Recent studies report that diets which exclude animal foods result in significantly lower intakes of vitamin B12, omega-3 fatty acids, iron, zinc and selenium.
A US review of 40 observational studies showed that the general prevalence of vitamin B12 deficiency among infants reached 45% (1). While the deficiency rates among children and adolescents reached up to 33%, deficiency among pregnant women ranged from 17 to 39%, dependent on the trimester, and among adults and elderly individuals a deficiency rate of up to 86% was reported. With few exceptions, all analyzed studies documented relatively high deficiency prevalence among vegetarians. Vegans who do not ingest vitamin B12 supplements were found to be at especially high risk. An observational study from Australia with 308 young women (mean age 23 years) showed that the majority of participants did not meet the national recommendations for servings of vegetables, meat and fish (2). Avoidance of animal foods was reported in 23% of women and resulted in significantly lower intakes of omega-3 fatty acids, vitamin B12, iron, zinc and selenium compared to non-avoidance.

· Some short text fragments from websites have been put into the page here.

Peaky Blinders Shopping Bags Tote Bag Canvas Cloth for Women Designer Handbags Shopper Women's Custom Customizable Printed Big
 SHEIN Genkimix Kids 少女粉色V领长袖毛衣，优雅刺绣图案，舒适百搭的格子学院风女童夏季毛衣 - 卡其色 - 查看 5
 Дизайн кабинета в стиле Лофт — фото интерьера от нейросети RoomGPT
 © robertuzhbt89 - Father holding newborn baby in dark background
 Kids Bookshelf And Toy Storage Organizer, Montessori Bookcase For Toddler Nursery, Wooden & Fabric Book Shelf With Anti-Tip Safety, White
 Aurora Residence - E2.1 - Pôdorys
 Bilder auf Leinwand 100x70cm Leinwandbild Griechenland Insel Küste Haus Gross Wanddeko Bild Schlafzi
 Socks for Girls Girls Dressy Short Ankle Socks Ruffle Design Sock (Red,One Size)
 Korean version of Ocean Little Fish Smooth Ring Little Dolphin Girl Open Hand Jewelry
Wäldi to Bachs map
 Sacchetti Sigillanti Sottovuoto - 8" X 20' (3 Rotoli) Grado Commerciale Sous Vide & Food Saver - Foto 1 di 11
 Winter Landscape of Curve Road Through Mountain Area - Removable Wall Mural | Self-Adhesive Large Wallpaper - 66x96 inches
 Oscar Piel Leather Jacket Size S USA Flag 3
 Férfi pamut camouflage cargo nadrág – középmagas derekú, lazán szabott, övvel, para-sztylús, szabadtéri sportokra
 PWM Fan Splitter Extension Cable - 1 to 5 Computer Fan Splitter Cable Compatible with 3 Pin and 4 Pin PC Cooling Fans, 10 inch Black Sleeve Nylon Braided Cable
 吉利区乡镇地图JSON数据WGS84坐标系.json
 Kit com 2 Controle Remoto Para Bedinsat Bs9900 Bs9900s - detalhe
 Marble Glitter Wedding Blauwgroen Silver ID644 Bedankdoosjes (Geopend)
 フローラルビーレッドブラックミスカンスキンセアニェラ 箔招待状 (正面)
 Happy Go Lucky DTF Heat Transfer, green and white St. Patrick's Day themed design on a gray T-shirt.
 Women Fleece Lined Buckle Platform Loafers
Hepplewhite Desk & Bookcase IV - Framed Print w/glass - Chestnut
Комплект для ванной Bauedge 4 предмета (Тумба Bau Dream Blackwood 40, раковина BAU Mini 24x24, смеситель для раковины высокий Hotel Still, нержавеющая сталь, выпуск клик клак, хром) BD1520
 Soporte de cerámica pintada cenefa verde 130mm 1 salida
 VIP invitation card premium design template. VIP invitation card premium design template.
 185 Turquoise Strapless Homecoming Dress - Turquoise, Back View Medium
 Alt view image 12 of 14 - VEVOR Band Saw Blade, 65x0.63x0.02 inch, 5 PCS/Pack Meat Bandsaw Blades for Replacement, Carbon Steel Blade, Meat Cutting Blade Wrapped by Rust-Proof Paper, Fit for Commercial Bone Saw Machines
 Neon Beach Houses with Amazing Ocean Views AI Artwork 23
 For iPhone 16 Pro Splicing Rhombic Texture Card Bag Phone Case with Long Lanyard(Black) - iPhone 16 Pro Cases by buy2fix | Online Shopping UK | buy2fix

The researchers concluded that vegetarians, especially vegans, should give strong consideration to the use of supplements to ensure adequate micronutrient intakes. Vegetarians, regardless of the type of vegetarian diet they adhere to, should be screened for micronutrient deficiencies. A sustained low intake of micronut- rients may lead to adverse health effects in the longer-term, such as compromised immune function and iron deficiency anaemia.